The only real difference that I can see is how much the yarn has pilled on the inside. So far, this pilling doesn’t seem to affected the sole’s durability. If anything, the “loose” wool is making the socks more cushioned and insulating. The only other sign of wear is that the surface of the socks that rubs against pants and slippers aren’t as smooth as they used to be.
As for how the socks are washed, I treat them no differently than any of my other handknit socks. They get a 20+ minute soak in warm water with Eucalan. Then I roll them up in a towel and squish out the excess water before hanging them up to dry.
2 years ago I was curious if an opposing 3-ply sock yarn would be more durable than a traditional construction. I even shared an update showing how the socks were wearing after a few months. Comparing the then and now photos shows that the socks have held up wonderfully. I expect that it’ll be a few more years before I need to make any significant repairs. This is a major difference from thick house socks that I’ve knit from 100% wool commercial yarns. I’ve got a whole pile of them with holes in the toes, soles, and heels that I’ve been meaning to repair for years. It’s refreshing to see a pair of 100% wool socks that are still going strong after years of dedicated wear.

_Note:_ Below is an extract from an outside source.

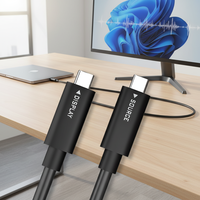 Kabel USB Pengisian Cepat 32G/s Tipe-C DP1.4/4-Lane Optik Aktif 20V 3A PVC Hybrid AOC untuk Video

If your interested in spinning your own wool sock yarn and ditching the nylon, check out the Tuff Socks Naturally project which aims to knit a sustainable sock without nylon or superwash wool. The #tuffsocksnaturally tag on Instagram has some beautiful and interesting examples.
I still can’t say if an opposing 3-ply yarn is more durable than a traditional 3-ply because I haven’t spun a traditional sock yarn yet. I’m definitely considering giving each construction a try so I can make a pair of handspun socks (or two) for myself.